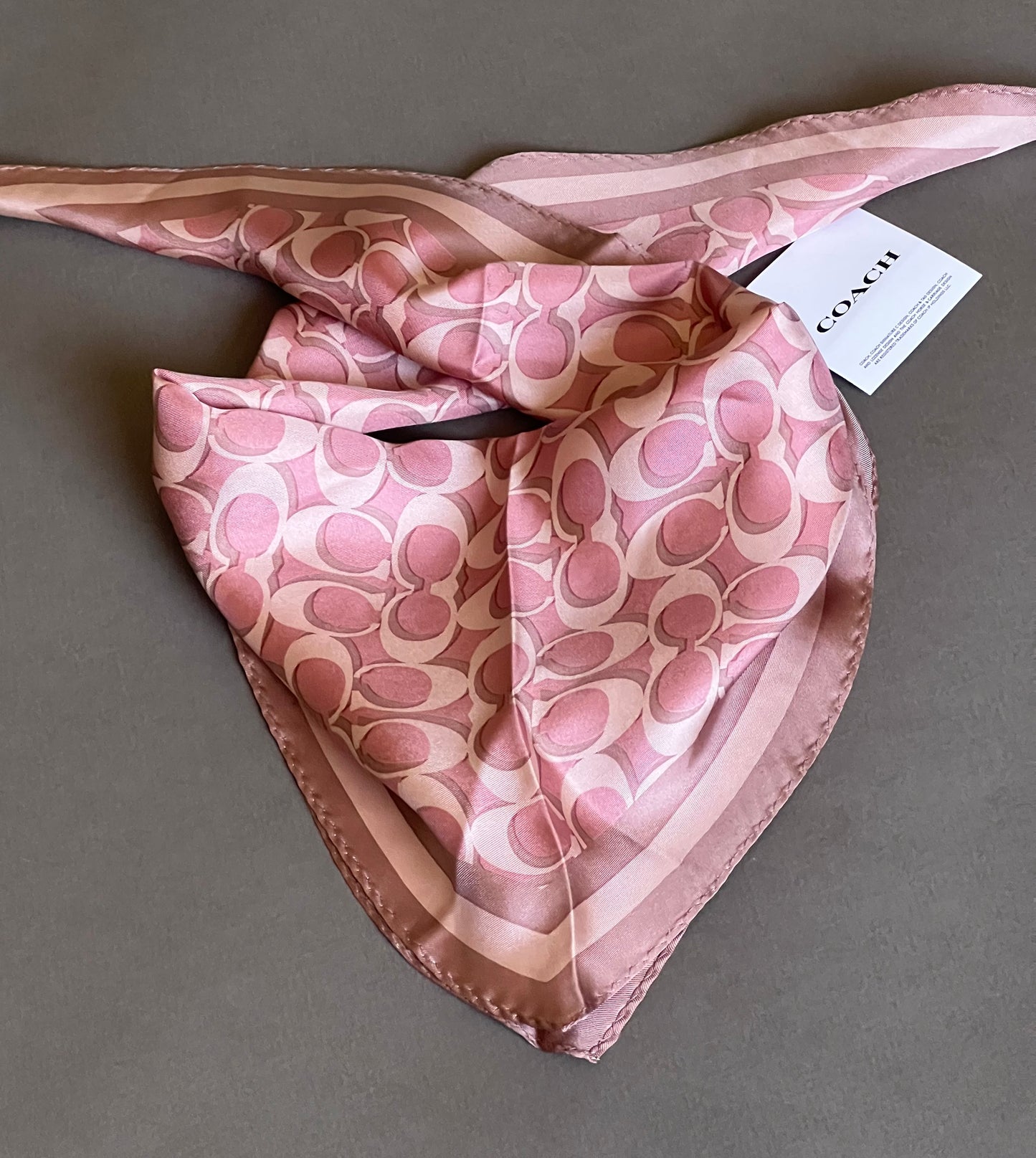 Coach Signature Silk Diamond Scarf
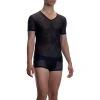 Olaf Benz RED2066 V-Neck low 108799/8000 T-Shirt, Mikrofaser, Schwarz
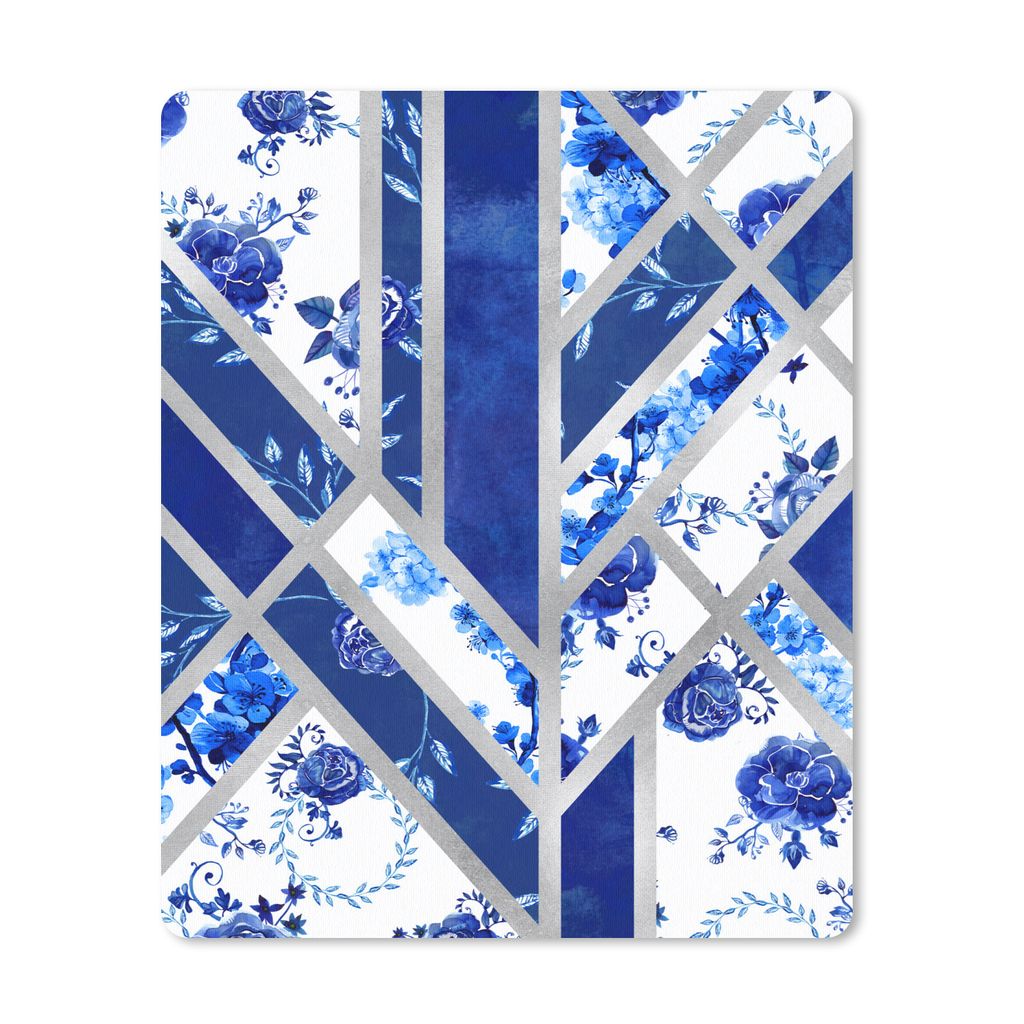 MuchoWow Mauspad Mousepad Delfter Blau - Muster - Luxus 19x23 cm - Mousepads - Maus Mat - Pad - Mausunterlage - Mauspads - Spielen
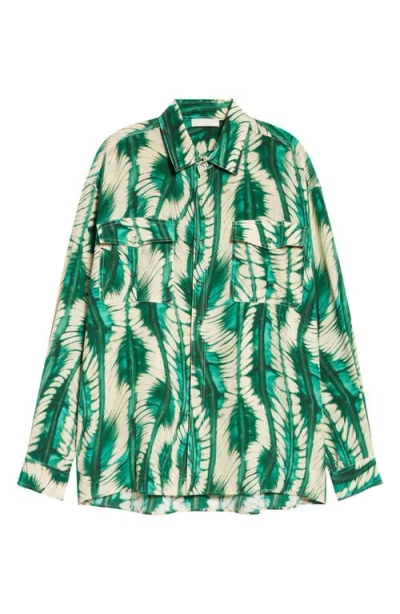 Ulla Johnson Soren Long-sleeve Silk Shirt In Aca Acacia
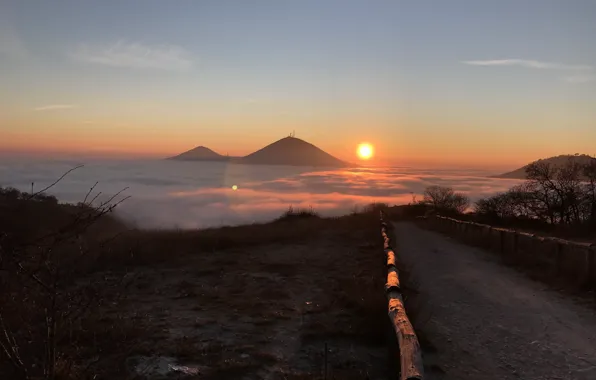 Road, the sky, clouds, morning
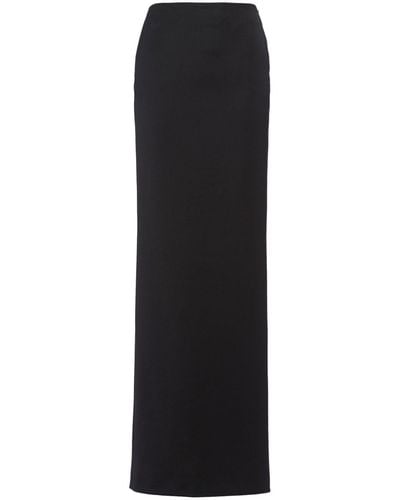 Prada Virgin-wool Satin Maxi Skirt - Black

^^^^^^^^^^^^^^^^

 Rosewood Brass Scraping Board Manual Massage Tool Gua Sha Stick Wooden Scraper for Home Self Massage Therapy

^^^^^^^^^^^^^^^^

Task prompt | Going by the entries above, repeat exactly the lines that start at the line with "MuchoWow Mauspad Mousepad" and go on through the line with "Prada Virgin-wool Satin Maxi Skirt - Black". Pictures are not part of the copy.

Answer to this task |
 MuchoWow Mauspad Mousepad Delfter Blau - Muster - Luxus 19x23 cm - Mousepads - Maus Mat - Pad - Mausunterlage - Mauspads - Spielen
 Ulla Johnson Soren Long-sleeve Silk Shirt In Aca Acacia
 Road, the sky, clouds, morning
 Prada Virgin-wool Satin Maxi Skirt - Black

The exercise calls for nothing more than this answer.